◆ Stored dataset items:

------------------------------------------------------------

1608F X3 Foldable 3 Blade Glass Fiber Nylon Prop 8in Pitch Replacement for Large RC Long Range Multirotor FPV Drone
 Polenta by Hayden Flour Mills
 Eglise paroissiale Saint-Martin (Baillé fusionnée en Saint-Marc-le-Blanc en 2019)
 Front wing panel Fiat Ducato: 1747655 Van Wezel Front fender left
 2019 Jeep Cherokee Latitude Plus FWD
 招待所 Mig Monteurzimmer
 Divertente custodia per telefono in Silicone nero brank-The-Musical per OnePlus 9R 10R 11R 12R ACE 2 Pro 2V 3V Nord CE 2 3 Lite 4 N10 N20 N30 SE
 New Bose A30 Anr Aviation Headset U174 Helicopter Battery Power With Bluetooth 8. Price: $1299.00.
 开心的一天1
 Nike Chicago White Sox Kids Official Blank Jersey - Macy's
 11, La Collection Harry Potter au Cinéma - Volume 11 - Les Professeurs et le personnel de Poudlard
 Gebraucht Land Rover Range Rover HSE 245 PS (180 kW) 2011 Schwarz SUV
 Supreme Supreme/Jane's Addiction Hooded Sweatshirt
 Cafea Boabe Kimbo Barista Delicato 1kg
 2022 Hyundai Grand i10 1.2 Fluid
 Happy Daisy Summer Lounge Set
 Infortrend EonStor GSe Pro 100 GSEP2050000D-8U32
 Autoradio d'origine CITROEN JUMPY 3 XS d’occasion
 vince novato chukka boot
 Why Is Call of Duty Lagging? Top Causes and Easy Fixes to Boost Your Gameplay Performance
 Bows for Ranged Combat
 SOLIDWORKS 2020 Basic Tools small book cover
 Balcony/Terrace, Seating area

------------------------------------------------------------

◆ Goal of the exercise:
Starting at the line that contains "Infortrend EonStor GSe", transcribe every line through the last line of the entries above, exactly, and nothing else.

◆ Written solution:
 Infortrend EonStor GSe Pro 100 GSEP2050000D-8U32
 Autoradio d'origine CITROEN JUMPY 3 XS d’occasion
 vince novato chukka boot
 Why Is Call of Duty Lagging? Top Causes and Easy Fixes to Boost Your Gameplay Performance
 Bows for Ranged Combat
 SOLIDWORKS 2020 Basic Tools small book cover
 Balcony/Terrace, Seating area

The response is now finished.